Yesterday I mentioned a surge in local advertising, particularly the paid search genre that is most accessible to startups. Today I went back and fished out a press release from earlier this month that shows overall U.S. ad spending up 4.5 percent, led by above-trend growth in cable TV and the Internet. I will also point to a summary of the acquisition binge (big media buy new media) underway if further proof is needed that the money is flowing.
Before I go into the new material, let me add one thought from the Borrell Associates report that was the basis for yesterday’s local ad bit. “The biggest growth in online advertising is the one that most local site operators (I think this means newspaper websites) cannot even offer: Local paid search. Spending by local businesses on paid search is expected to rise 161 percent next year, to $906 million.”
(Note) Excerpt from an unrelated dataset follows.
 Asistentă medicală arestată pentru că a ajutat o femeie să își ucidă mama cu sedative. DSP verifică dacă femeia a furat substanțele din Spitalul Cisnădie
Zooming out to the national level, TNS Media Intelligence in New York reported first half ad spending growth of 4.5 percent in the United States. This followed first quarter growth of 4.4 percent, meaning the momentum continued. Of course that was before Hurricane Katrina struck New Orleans which could blunt spending in the second half of 2005.
In any event, when TNS looked in the rear-view mirror it found local magazine (at $200 million, just a tiny fraction of the $70.5 billion first half ad spend) grew 24.4 percent. More meaningful was the 15.3 percent growth in the nearly $8 billion cable TV category. Internet advertising reached just under $4 billion in the first half, a 9.4 percent growth rate compared to the first half of 2004. The $10.5 billion consumer magazine sector posted 9.1 percent growth. So spending was strong and what strikes me is that the greatest growth occurred in niche-specific media: cable, consumer magazines, Internet and local magazines.
A second chart on the TNS site also provided breakdowns on spending by type of advertiser, a category dominated by automotive.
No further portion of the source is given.